Interactive Investor

Emerging market equity investors: the coronavirus and five consequences

The pandemic is a true black swan event: unpredictable and with massive consequences, says Justin Leve…

The pandemic is a true black swan event: unpredictable and with massive consequences, says Justin Leverenz.

After a decade of reasonable tranquillity, global markets are experiencing another black swan event, and I use that term with fearful caution. The coronavirus is a black swan in the sense that it is both unpredictable and an event of massive consequence that will significantly change behaviour.

For emerging market equity investors, there will likely be some proximate consequences:

1) Russia may be one of the great places to invest now

Russia is the strongest of any major oil economies with a fortress balance sheet, strong fiscal position and a flexible currency (and cost structure). While oil at $30 will be uncomfortable for Russia, it will be devastating for the Gulf economies, Saudi Arabia in particular could run double-digit deficits.

Ironically, the ultimate losers of this price war will be the biggest recent growth producers – the US shale firms, whose break-even price lies between $48 and $54, according to a Dallas Federal Energy survey. By taking advantage of all major OPEC price stabilisation while sitting on mountains of debt, the shale oil industry has lost its ability to weather the black swan moment.

2) China will be reasonably fine

The coronavirus brought China’s economy to a near standstill in February; however, its strong and pragmatic state acted quickly to contain the virus.

In response to the outbreak, China has spent roughly 1.2% of GDP ($150 billion) - excluding infrastructure investment – on a myriad of targeted support, including granting waivers and reduction of social charges, lowering value-added taxes (VAT) for some enterprises, and electricity and gas fees for corporate users.

Structurally, China has a lot more ammunition in its monetary policy. It has developed its anti-fragility out of a host of inherent stressors in the system – including a skimpy pensions and health insurance system – which have reinforced its high levels of domestic savings. Culturally rooted fiscal conservatism means China can emerge stronger from crisis.

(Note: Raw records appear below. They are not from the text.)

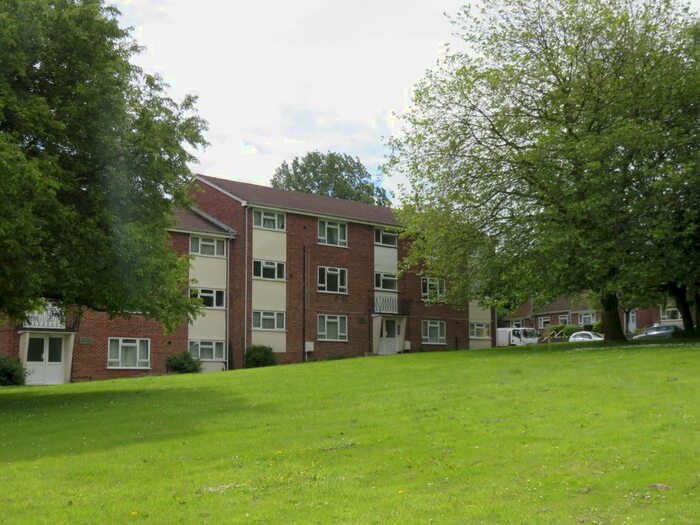 2 Bedroom Flat To Rent In Halcombe Estate, Chard, Somerset TA20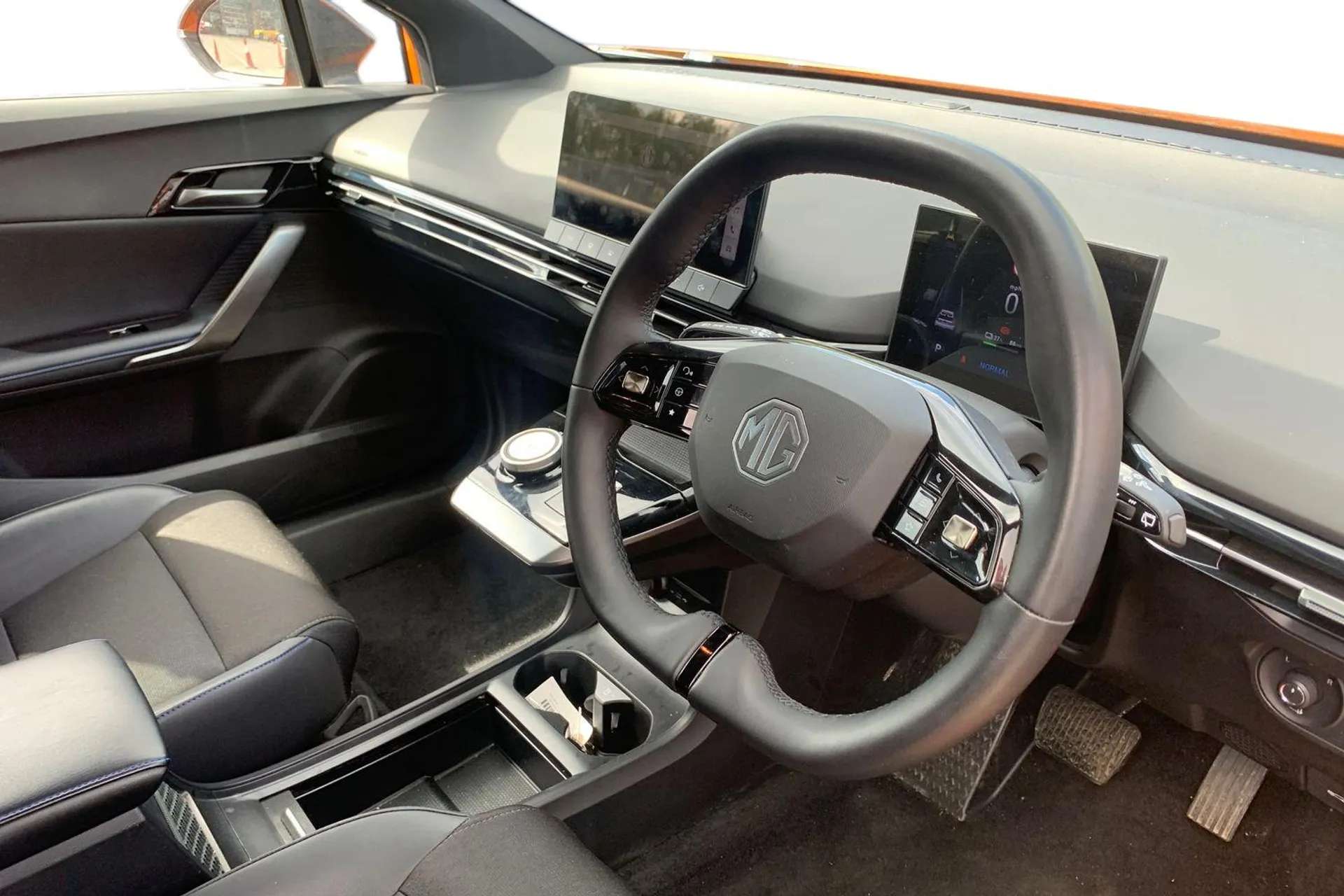 A 2024 MG MOTOR UK MG4 150kW Trophy EV Long Range 64kWh 5dr Auto [ Wireless Mobile Phone Charger , 360 degree parking camera , Heated front seats , 18" alloy wheels with low A 2024 MG MOTOR UK MG4 150kW Trophy EV Long Range 64kWh 5dr Auto [ Wireless Mobile Phone Charger , 360 degree parking camera , Heated front seats , 18" alloy wheels with low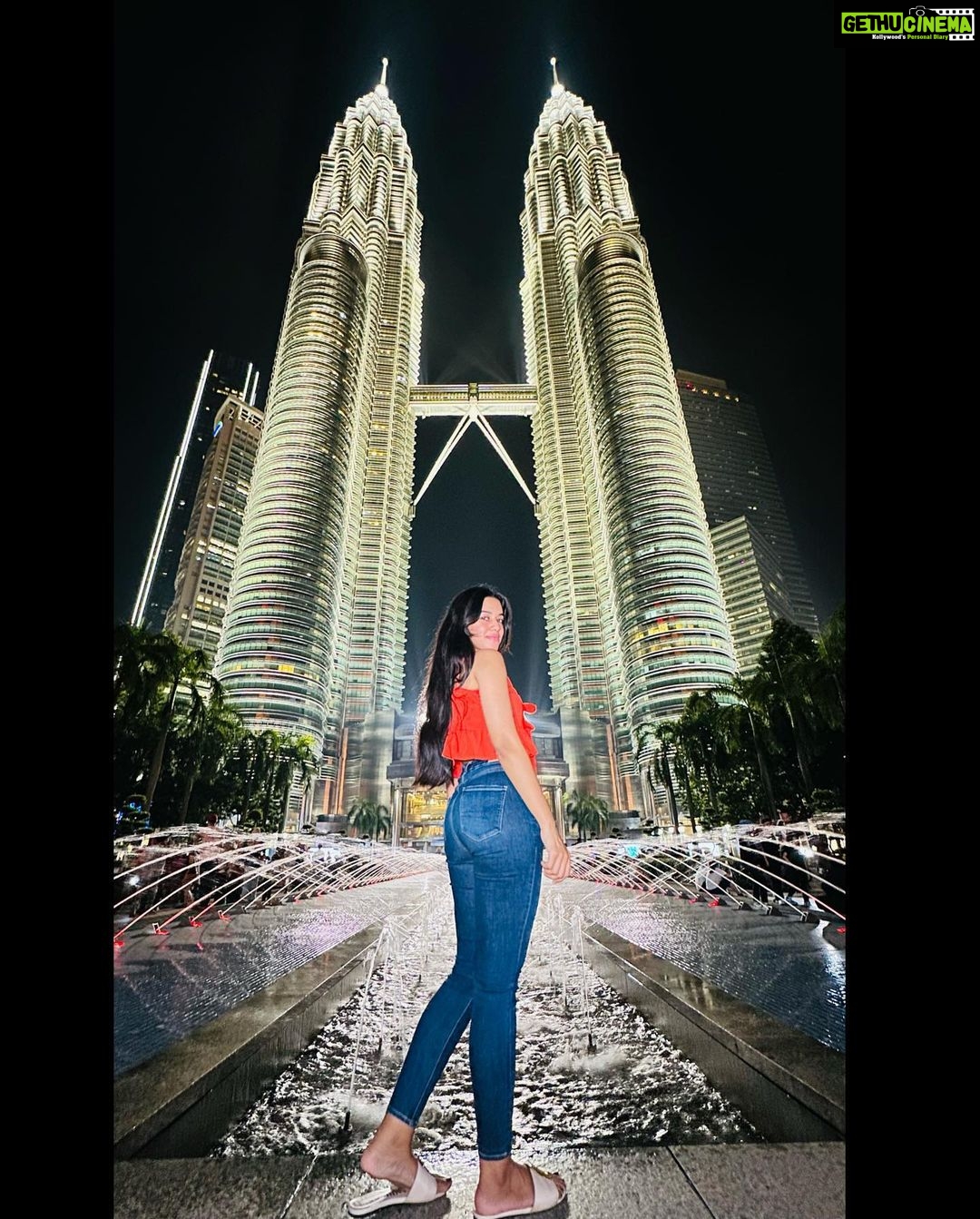 Mirnalini Ravi Instagram - Peachy keen 🩶 Twin Towers, Malaysia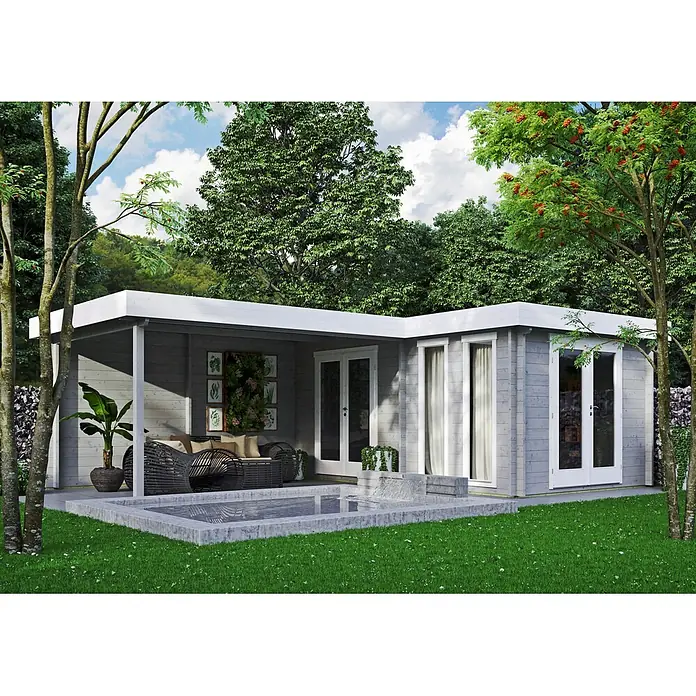 Fjordholz Gartenhaus Luisa 44 - Außenmaß inkl. Dachüberstand (B x T): 680 x 480 cm, Holz, Naturbelassen - Graues Gartenhaus aus Holz mit weißem Flachdach, überdachter Terrasse, Sitzgelegenheiten und Wasserspiel in grüner Gartenumgebung.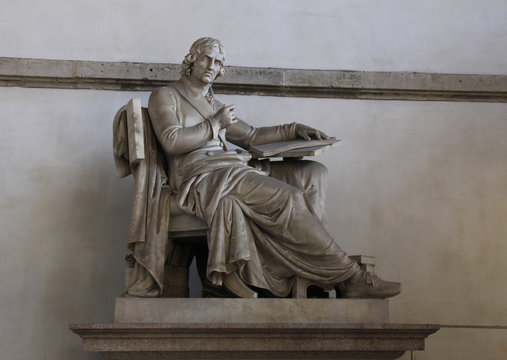 Statua Di Giuseppe Parini; Palazzo Brera, Milano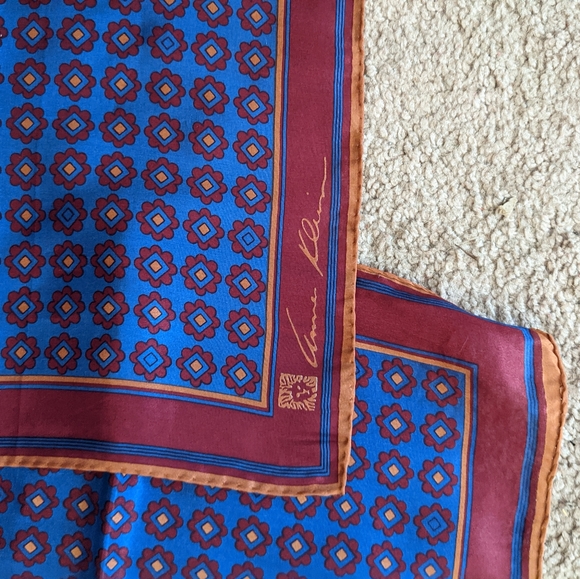 Vintage Anne Klein silk scarf - Picture 3 of 3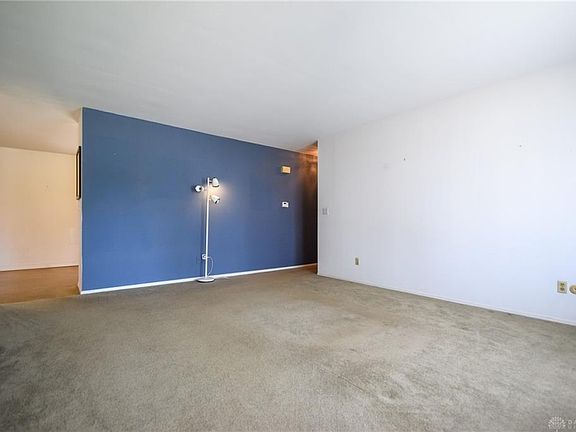 5th image of 325 Pearhill Dr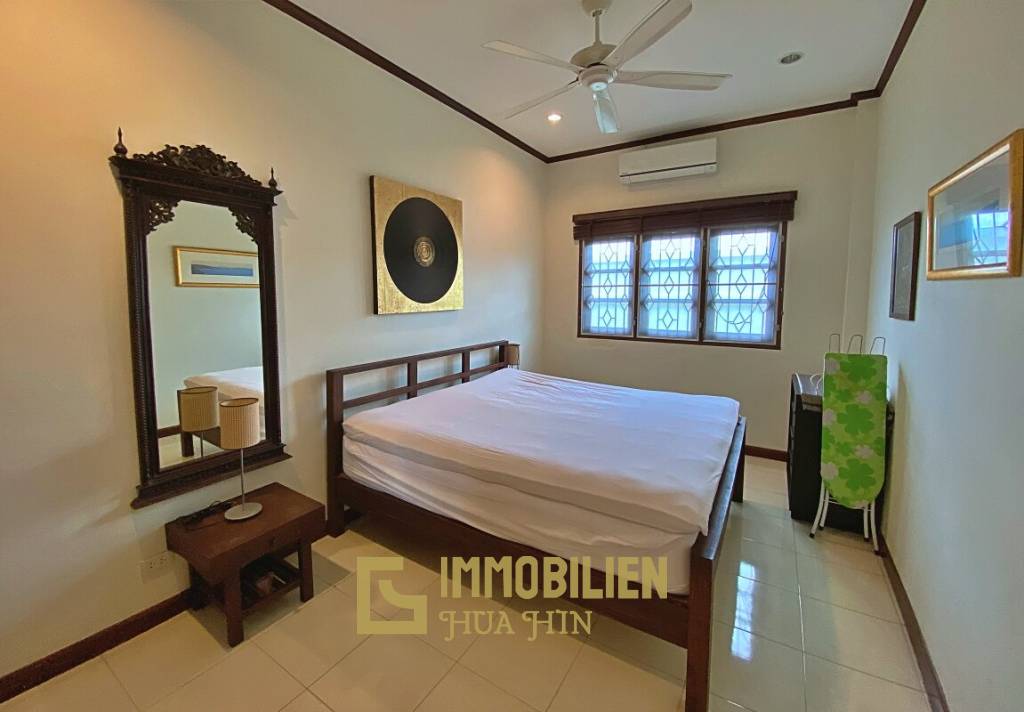 City Center 3 Bed Pool Villa For Rent in Soi 94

3) Latin America will continue the funk

The economic history of Latin America involves cycles of high expectations followed by disappointments, marked by financial crises and contractions caused by repeated debt defaults and hyperinflation. While Latin America rode out the previous black swan crisis of 2008 with only a brief dip, the region has been in low-growth doldrums since 2013, with GDP growth averaging 0.8%.

Countries such as Brazil have never moved upstream to tackle the structural vulnerabilities perpetuating the cycle, including the prohibitive cost of capital. At 38% of GDP, Brazil’s fiscal expenditures topped all major emerging market countries in 2019, while private capital investment has been steadily falling in the last decade – now hovering around 15% of GDP.

4) The strong — not the oligopolies — will survive

The unprecedented economic disruption this virus has caused will be painful to competitors in multiple industries. Many marginal players will face bankruptcy. Others will have to make fateful decisions to reduce investment in capacity, product development and talent, and companies relying on cheap funding will crumble under liquidity pressure. The strong will emerge even more competitive, gathering market share and gaining higher profitability.

Restaurant operator Yum China and lodging innovator Huazhu are cases in point and the market has failed to appreciate how resilient these companies may emerge out of this black swan moment. As stand-alone hotels close in droves, the survivors will place even greater value than before on the risk-mitigation benefit of joining large brands. Yum China will also be able to garner space and “stomach share” after this current emergency subsides.

5) Irrational competition - particularly in 'disruptive technology' - will likely become far more rational

Cheap capital and unbounded ambitions have created unsustainable business models in the technology sector. If the WeWork debacle was a warning sign, the upcoming displacement in the real economy, as well as in financial markets, should end the tech world’s obsession with often spurious numbers. Of late, we have seen the unique spectacle of businesses in the “sharing economy,” where growth is slowing, but profitability remains stubbornly out of reach. Such excesses are likely to face a reckoning, as will reckless capital allocators. More moderately behaved competitive behaviour in China and Brazil will emerge and could benefit companies such as Alibaba, Tencent, and MercadoLibre. 

Despite the near-team challenges that all of us are facing, we remain excited about the opportunity that emerging market equities provide. We believe the most compelling opportunity for investors is to avoid short-term tactical positions and instead focus on companies that have the potential to deliver long-term financial performance.

Justin Leverenz is senior portfolio manager for the OFI Emerging Markets Equity team at Invesco.